Coaching & Analysis

Concepts

A simple mental model for how talking points, scorecards, frameworks, and playbooks fit together.

If you’ve ever asked “wait… what’s the difference between scorecards, frameworks, and playbooks?”, you’re not alone. They’re related, but they operate at different levels of the GTM system.

Quick definition:

  • Talking points help a rep run a single meeting (what to ask, what to capture).
  • Scorecards evaluate a rep’s performance in a single meeting (did we execute well?), optionally scoped to a stage in the sales cycle.
  • Frameworks track structured qualification / strategy on a deal over time (what do we know, what’s missing?).
  • Playbooks define a GTM motion across deal or lead stages (what should happen next, by stage, for a given motion).

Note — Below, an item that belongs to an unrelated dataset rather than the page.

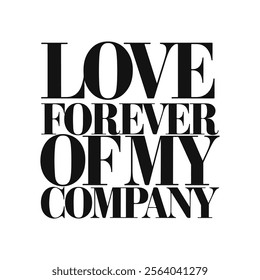 Love for ever typography vector 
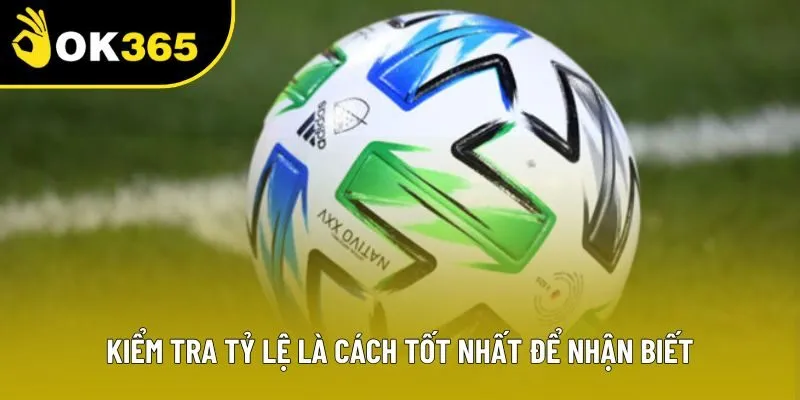 Kiểm tra tỷ lệ là cách tốt nhất để nhận biết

#The mental model: meeting-level vs deal-level vs motion-level


Concept Scope When you use it Primary outcome Typical owner
Talking points One meeting During the call Capture answers consistently Enablement / managers
Scorecards One meeting After the call Coaching + quality signal Managers / RevOps
Frameworks One deal (or lead) over time Across the deal lifecycle Structured qualification & deal health Sales leadership / RevOps
Playbooks GTM motion (role + process) Across stages (deal or lead) Stage-based guidance + next steps Enablement / RevOps / leaders

#What each one is for (with examples)


Talking points: “What should I ask right now?”

Talking points are in-meeting question tracks. They help reps run discovery, demos, QBRs, etc. Bigmind can also auto-capture answers from the transcript while the meeting is happening.

Example: a MEDDIC discovery track with sections like Metrics, Economic Buyer, and Decision Process.

Learn more: Talking points.

Scorecards: “Did we run the meeting well?”

Scorecards are post-call evaluations. They’re used to coach and measure execution quality at scale (e.g. call excellence, discovery quality, objection handling). Bigmind can score them automatically based on the transcript.

Even when you limit a scorecard to a specific deal stage (via preconditions), the unit being scored is still the meeting.

Example: “Did we confirm next steps?” (Yes/No) + “How strong was the pain discovery?” (1–5).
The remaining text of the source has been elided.